The mistress had a guest.

The house scanned the underground food gardens, the special supplies brought in by suborbital for the lieutenant-commander’s visit, the emergency stores that had lain untouched for a century. It tallied, of course, far more food than two people could eat in four years, much less four days. But the disquiet remained. This visit was the house’s chance to show the mistress what it had accomplished over lonely decades of abandonment, to display the results of its long independent expansion program.

Dinner was already planned, the steamy growing levels just above the geothermal plant raided of produce for a tropical banquet. Fermented plantains had been basted with relish of green tamarind. Cabbage pickled and formed into delicate flower shapes, then flash-fried in a microsecond plasma field. A species of brine shrimp that purified the house water supply simmered for hours in caramel. A pudding of sticky rice and palm sugar blackened with coconut ash to match the lieutenant-commander’s naval uniform. And to clear the palette, twenty milliliters of vodka to end each course had been infused with lychee, rambutan, papaya, and mangosteen in turn.
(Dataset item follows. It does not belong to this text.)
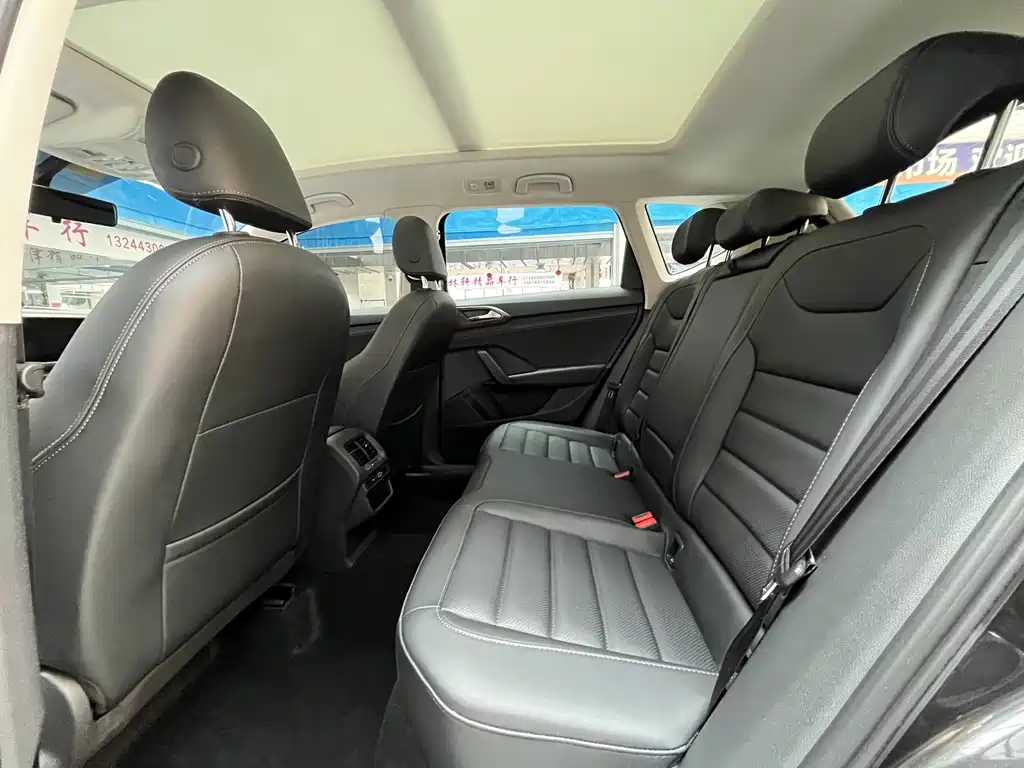 Volkswagen Tharu — миниатюра 10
But perhaps this was too much, the house now despaired. The rules of etiquette were clear: The last dinner of any visit should be the grandest, not the first. With Laurent Zai staying longer, it would have to outdo itself four more dinners in a row! And what if the mistress changed her mind again? No amount of processor power, no number of contingency plans, no acreage of machinery—nothing was sufficient to withstand human caprice at its worst.

What were they talking about now?

The house returned its attention to where the mistress stood with the newly promoted Captain Laurent Zai. They were on the western balcony, holding each other, looking out at a trio of small peaks capped with patterns of algae-reddened snow, just now struck with the slowly setting sun. (Quite a composition, the house thought smugly.) The mistress was still smiling from the kiss they’d shared after she had invited him to stay.

“Four days seems so little, Nara,” Zai said. (The house disagreed. Twelve meals to create; four sunsets to compose!)

“We can make them last.”

“I hope so.” His eyes fell to the garden of insect-shaped ice sculptures below. “We’ve so many technologies for making Absolute time pass quickly. Stasis, relativistic travel, the symbiant. But none to make a few days seem longer.”

The mistress laughed. “I’m sure we’ll think of something.” She moved closer.

“You already have?” “Yes, I have. Perhaps dinner can wait.”

The house followed their progress to the bedroom, mutely appalled.

Senator

As the summer’s brief night fell across the room, Nara Oxham thought to herself: An entire day without apathy. It had been too long. She needed more of these respites from the capital, needed to set her mind completely free of the drug without the crowd coming in.

She looked at Laurent’s dozing form. Perhaps she needed a measure of madness every now and then.